Chi è la presenza adombrata dal titolo? È Pietro (Elio Germano), giovane in cerca di identità e certezze, che ha lasciato la lontana Catania per Roma, fornaio di notte con il sogno bruciante di fare l’attore? O sono le ombre, distinte ed enigmatiche, che popolano la sua nuova casa al quartiere Monteverde e che provengono da un’altra epoca, gli artisti della compagnia Apollonio intenti a provare uno spettacolo dal titolo Sogno proibito? L’uno è funzionale agli altri, e viceversa, nell’ultimo film di Ozpetek, e infatti la prima apparizione dei fantasmi agli occhi di Pietro avviene allo specchio, in un rimando di sguardi riflessi. Lui avrà bisogno di quegli strani inquilini per superare i suoi personali fantasmi nell’arte e nella vita e riconoscere la propria diversità. Al contempo quei personaggi in cerca d’autore, imprigionati nello spazio e nel tempo perché fedeli a un’idea (l’antifascismo) ma traditi da un delatore, hanno bisogno di un pubblico che creda non soltanto nella realtà della finzione ma anche nella sua efficacia: non semplice arte per l’arte dunque, ma arte in grado di agire per liberare la realtà.

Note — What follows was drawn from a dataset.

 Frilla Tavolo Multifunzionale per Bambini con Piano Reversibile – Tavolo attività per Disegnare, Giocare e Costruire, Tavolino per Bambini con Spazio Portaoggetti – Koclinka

Magnifica presenza mira dritto al senso del fare artistico, già largamente esplorato da tanto cinema (e non solo). Il terreno è altamente seducente ma scivoloso, terra di contesa tra il sonno e la veglia, tra finzione e realtà, dove una sottile e ambigua membrana divide ciò che sta dentro da ciò che sta fuori. Al netto di certi ingredienti ricorrenti nella sua poetica – una gaia confusione sessuale, il piacere per la tavola, la famiglia allargata – va riconosciuto al regista italo-turco il coraggio di aver tentato qualcosa di più arduo e completamente diverso rispetto al panorama del cinema italiano e pure alla sua filmografia. Peccato veniale sono certi personaggi minori, non ben definiti, o al contrario fin troppo caricaturali, che indeboliscono e confondono le trame del film. Ciò che purtroppo non convince pienamente è la realizzazione nel suo complesso, che rimane a mezza via: l’impasto tanto agognato di arte e vita non ha la forza necessaria per diventare metafora universale, ma resta confinato ad uso e consumo di quello spettatore troppo preso dai suoi fantasmi e dai suoi compiacimenti.